Define a side channel.
An unintended information leakage path (e.g., timing, power, cache state) that reveals secrets without reading them directly.
What makes caches powerful side channels?
Access latency depends on whether data is cached (hit) or not (miss). Attackers measure timing differences to infer victim memory accesses.
Cache line size on x86_64 (typical)?
64 bytes. The lowest 6 address bits are the line offset.
Page size (typical) and consequence for indexing?
4 KiB pages; the lowest 12 bits are the page offset (includes the 6-bit line offset). Many L1/L2 set-index bits lie within these 12 bits.
Define cache associativity.
Number of lines per set. An N-way cache can hold N distinct lines per set before evicting.
Number of sets formula.
(#cache bytes) / (line size × associativity).
Which levels are per-core vs shared?
L1 and L2 are per-core; L3 (LLC) is shared among cores (often split into slices hashed by physical address).
Inclusive vs non-inclusive caches.
Inclusive: L1⊆L2⊆L3; evicting from L3 invalidates copies in upper levels. Non-inclusive (or mostly-inclusive) has no strict subset relation.
Do loads fill all cache levels?
Typically yes (on inclusive hierarchies): a miss fills L3→L2→L1. Later evictions can leave a line only in L2 or L3.
Define Prime+Probe (high level).
Prime: fill a set. Victim runs. Probe: time reaccesses; slower lines indicate eviction by victim → reveals which set the victim used.
Define Flush+Reload (high level).
Flush: invalidate a specific shared line (e.g., clflush). Victim runs. Reload: time access; fast=the victim reloaded it, slow=not touched.
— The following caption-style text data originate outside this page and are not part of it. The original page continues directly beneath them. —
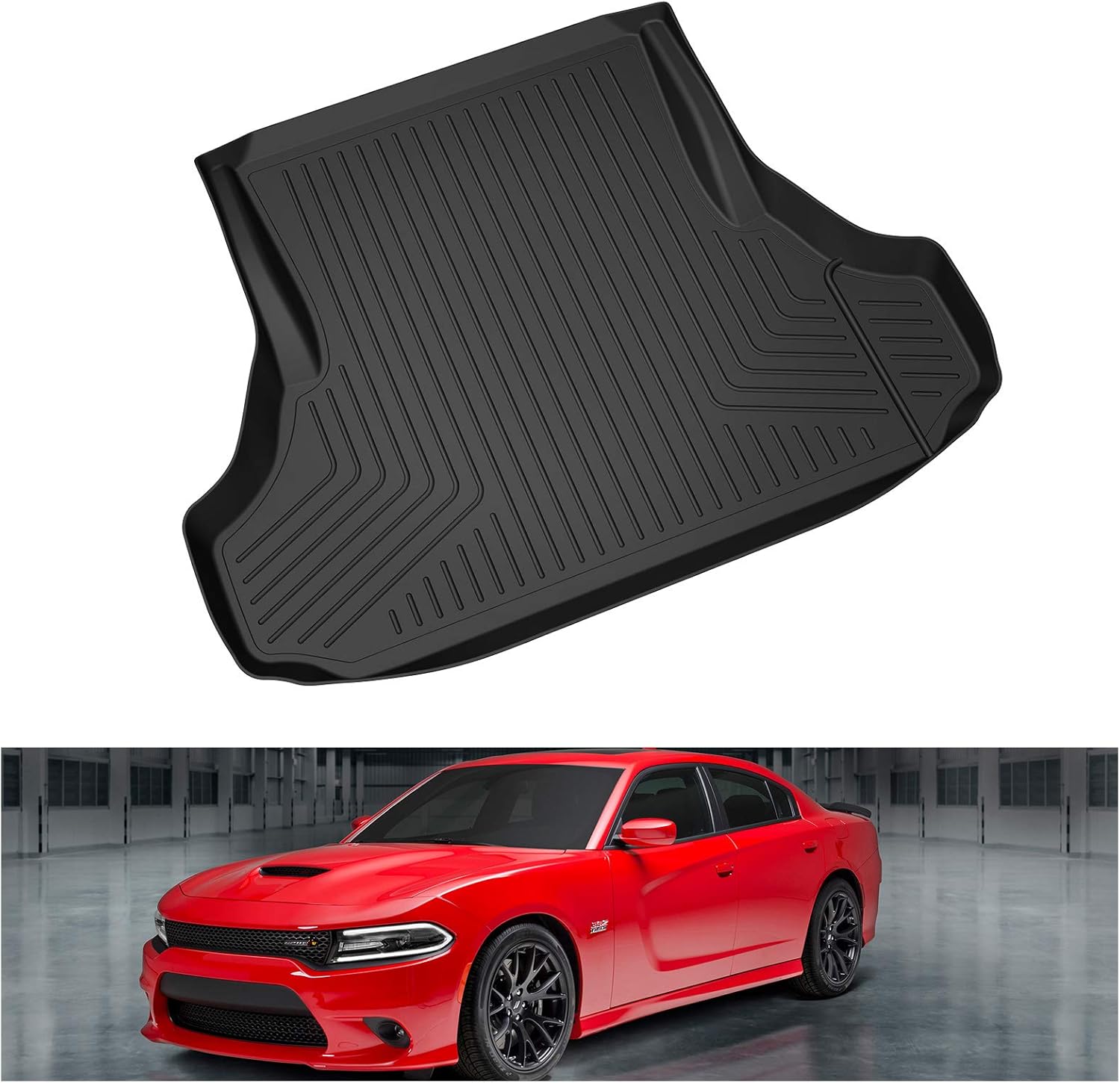 KIWI MASTER Cargo Mat for 2011-2023 Dodge Charger/Chrysler 300, Custom Fit All Weather Rear Cargo Liner, Heavy Duty TPE Tray Trunk Mat, Black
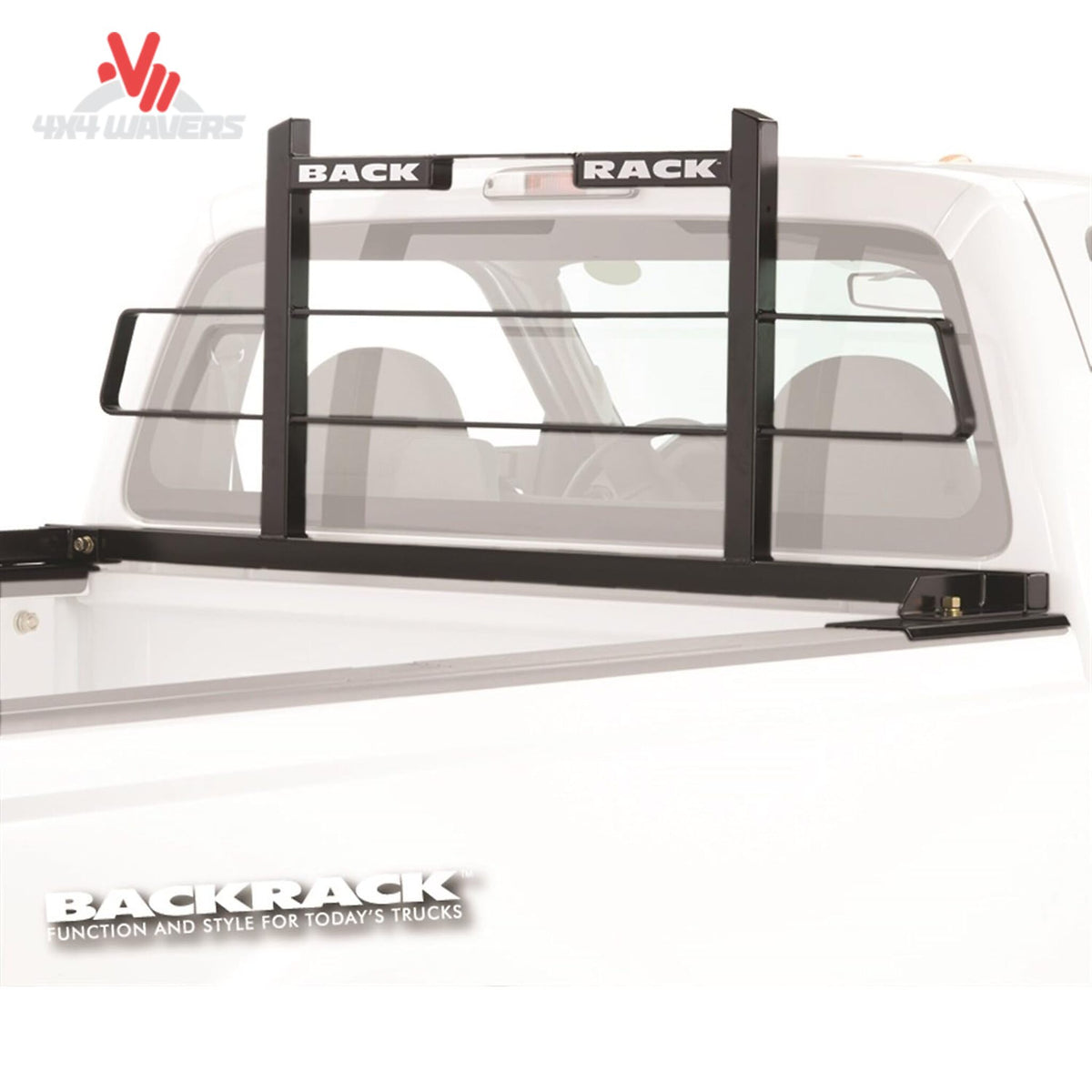 RealTruck Backrack headache rack with side rails installed on a 15-26 Ford F-150 5.5' bed for added cargo security and protection.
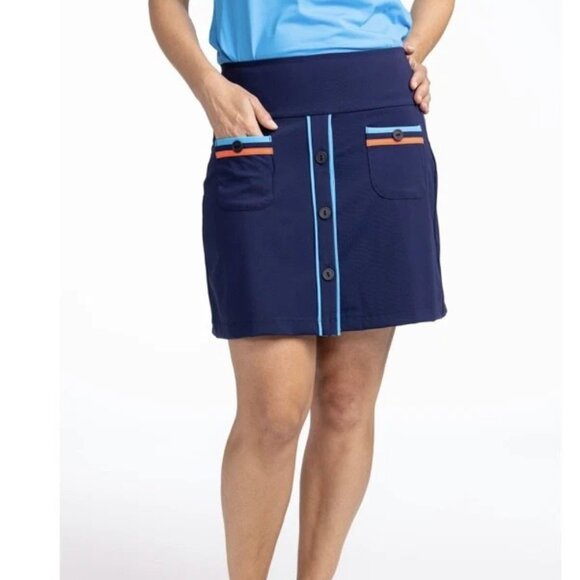 Kinona Women's Long Stride Golf Skort Navy Blue Size XL way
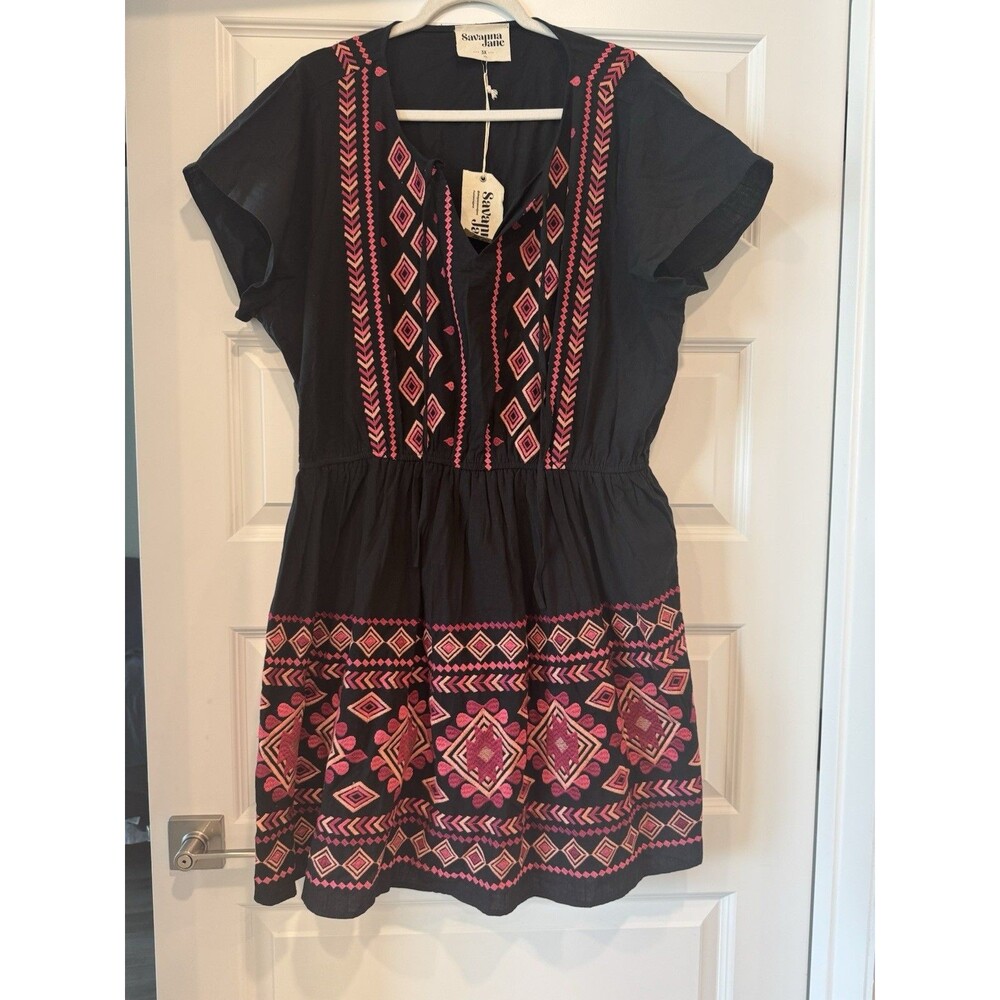 Savanna Jane Dress Black Embroidery  Aztec Pattern Front Neck Tie Size 3X NWT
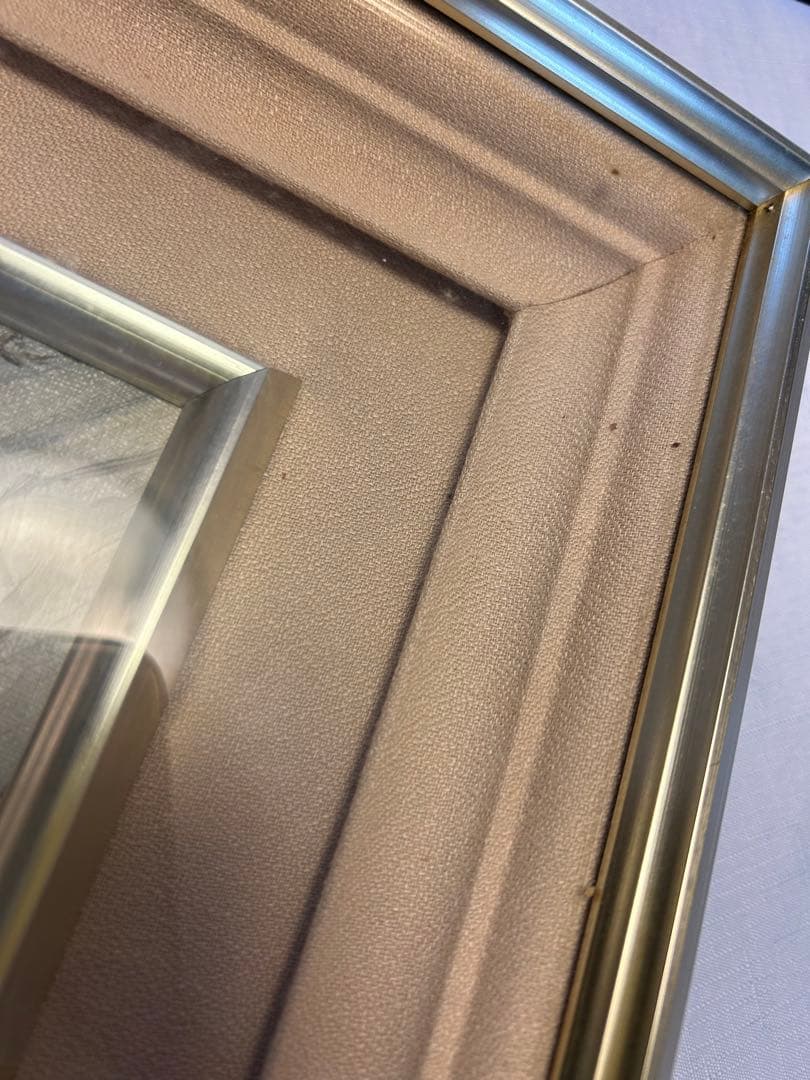 冬の風景 油彩画 金色額縁【尾崎菊信？】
When do you use Flush+Reload?
When attacker and victim share physical pages (shared libraries, shared mmap). Gives high spatial resolution.
When do you use Prime+Probe?
When no shared memory exists. You only need conflicting (same-set) addresses; works cross-process and cross-VM with care.
How to time memory on x86_64?
Use rdtsc/rdtscp with fences. Example: lfence; rdtsc before and rdtscp; lfence after a volatile load.
Why fences around rdtsc?
To serialize instructions so timing boundaries don’t get reordered by the CPU.
Hit vs miss timing (typical ballpark).
L1: ~4–5 cycles; L2: ~10–20; L3: ~30–60+; DRAM: ~100–300+. Measure on your CPU to set thresholds.
How to empirically pick a hit/miss threshold?
Measure cold (after clflush) and warm (repeated access) latencies; set threshold ~ midpoint, or use distributions and cluster.
Define conflicting addresses.
Different virtual/physical addresses mapping to the same cache set (and same slice for LLC), competing for associativity.
How to generate same-set addresses for L1/L2?
Use identical page offsets across many pages (e.g., base + k*4096 + offset where offset is multiple of 64).
Why does LLC (L3) need extra care?
LLC is physically indexed and sliced by a hash; set index uses bits above page offset. You need physical info or measurement-based grouping.
Simple conflict test idea.
Warm A; hammer candidate B; time A. If A slows (miss) more often than baseline, A and B likely conflict (same set/slice). Repeat and vote.
Eviction set definition.
A set of ≥ associativity addresses mapping to the same set (and slice) so that accessing them evicts any victim line from that set.
Greedy eviction-set refinement.
Build a large candidate pool; remove one address at a time and test if the victim still gets evicted. Keep only necessary addresses until ≈ associativity.
Why many samples?
Microarchitectural noise, OS interrupts, and prefetchers add variance. Aggregation (median/mean) yields reliable classification.